Te Rito Maioha Early Childhood New Zealand chief executive Kathy Wolfe said teachers and managers were sometimes unsure when and if they should report suspected abuse.

"Some you absolutely know actually that there's something definitely awry here, but sometimes they're a bit cautious and rightly so, because they don't want to put family and parents in a position that they potentially didn't need to find themselves in," she said.

"There's definitely services that have done right by children, but then there's also been experiences where it's kind of fallen a bit awry, because it turns out that the child was not subject to abuse so it's very delicate for our services."

Training provides clarity

Safeguarding Children chief executive Willow Duffy said the child protection charity had trained about 46,000 people and they were much more confident about reporting suspected abuse.

"When we follow them up after the training and we say to them 'what stops you?', they say nothing would stop them.
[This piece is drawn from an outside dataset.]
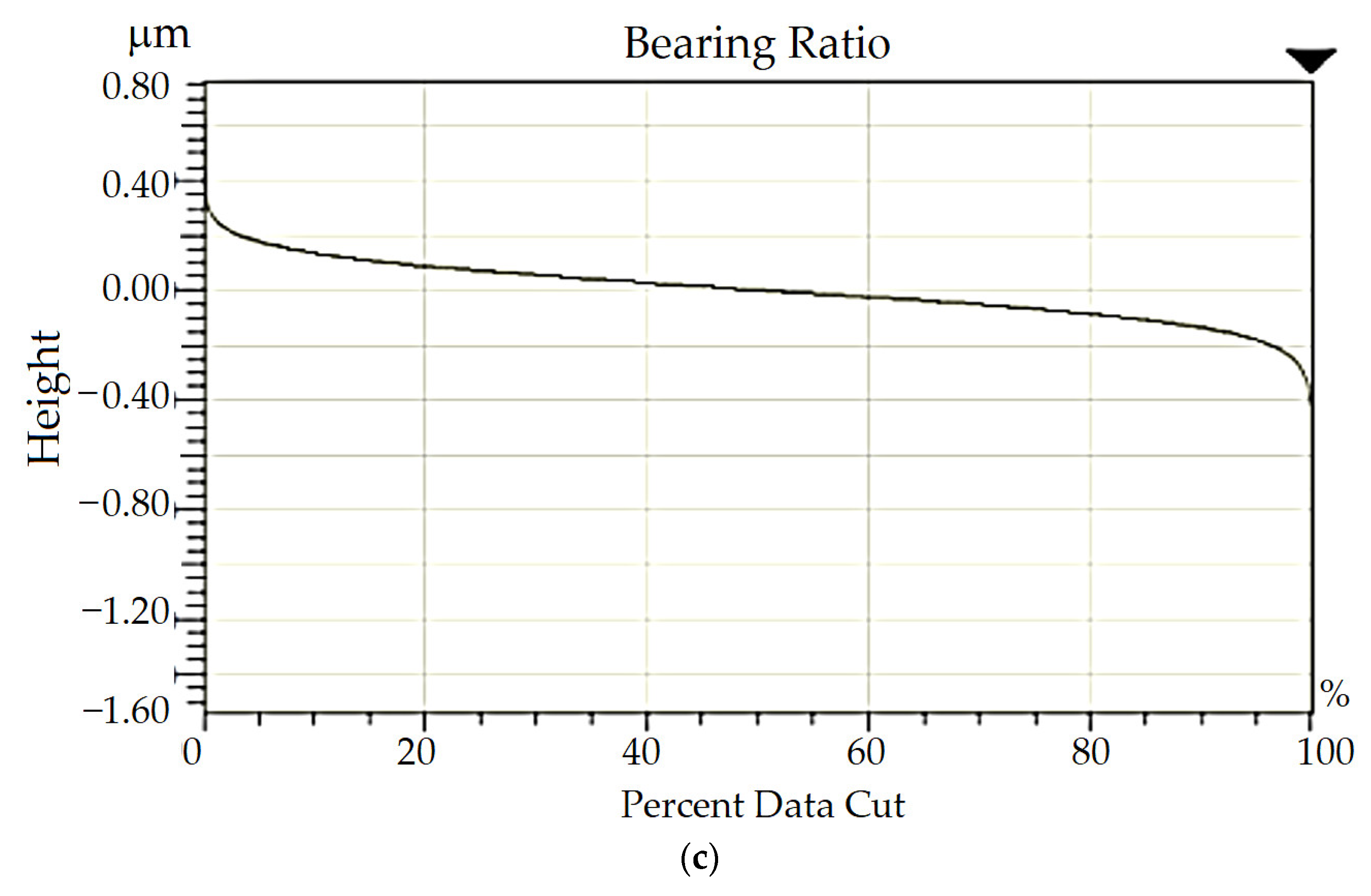 Materials 16 06442 g010b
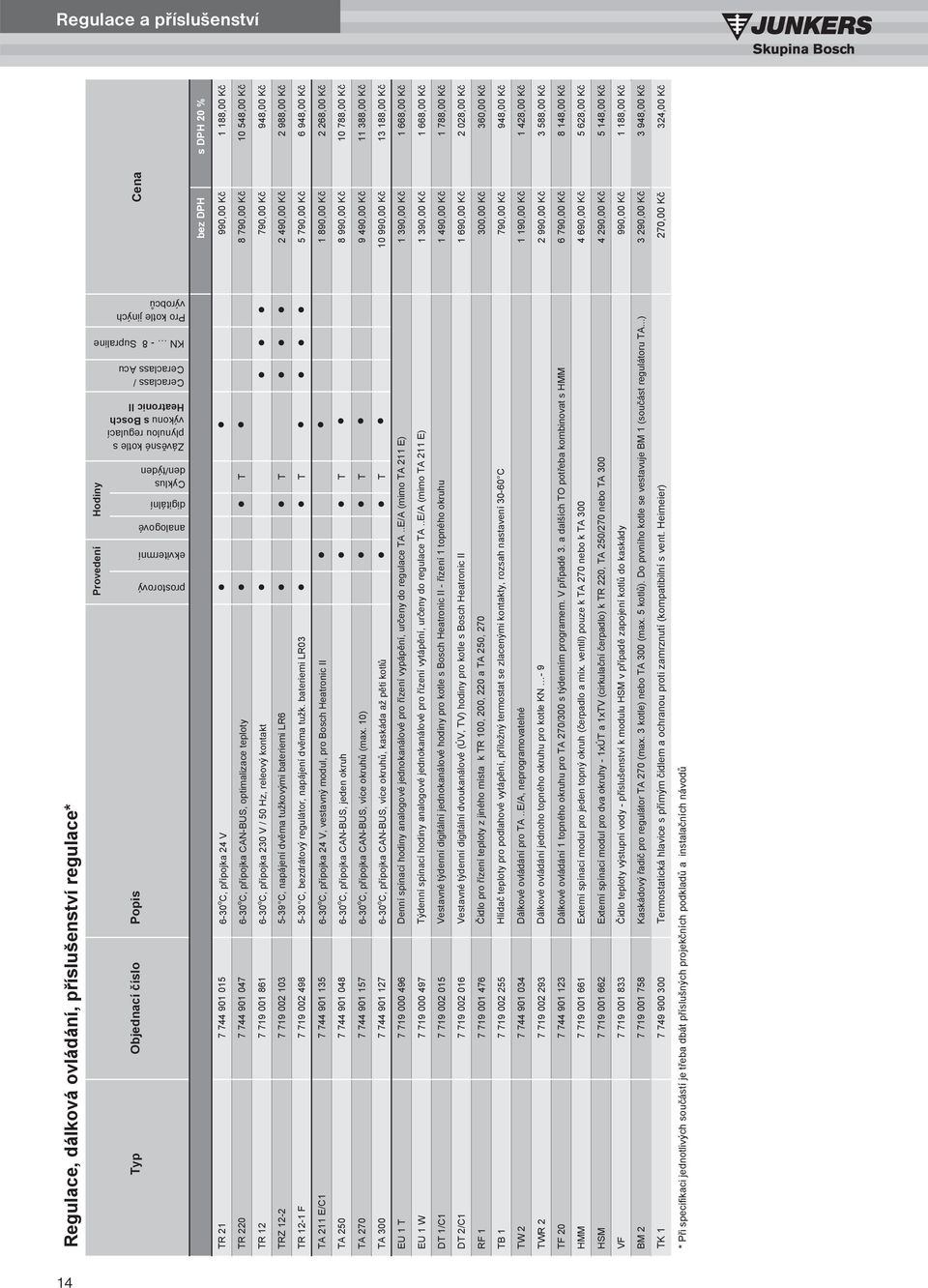220 7 744 901 047 6-30 o C, p ípojka CAN-BUS, optimalizace teploty T 8 790,00 K 10 548,00 K TR 12 7 719 001 861 6-30 o C, p ípojka 230 V / 50 Hz, releový kontakt 790,00 K 948,00 K TRZ 12-2 7 719 002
So when they've got clarity and they understand what the signs of abuse and neglect are and how to respond to it and they understand how to share information and that they can share information and they understand how to respond to disclosures, they're very clear," she said.

Government-funded education providers were required to have policies for identifying and responding to suspected child neglect and abuse, but there was no requirement for training, Duffy said.

"You will get some organisations, schools, ECE centres or whatever, who actually put that into their budget, that make it a priority that their staff have training, but you'll get other organisations that only act upon that when they've been burnt. So when there's been a child who's been abused and neglected or if there's an incident or a near miss or that type of thing," she said.

Training should be compulsory for teachers, Duffy said.

"In some respects, I think mandatory training is more important than mandatory reporting. We've got to equip our frontline workers with the knowledge and skills and capabilities to be able to recognise and respond to child abuse and neglect and be able to decide whether something should be reported to a statutory agency," she said.

"These frontline workers have to be trained. They have to be trained regularly and they have to be supported, because they all want to do the right thing for children, but at the moment they're doing their job with both hands tied behind their back, and if we just do mandatory reporting they'll have one hand tied behind their back and it will make the situation worse."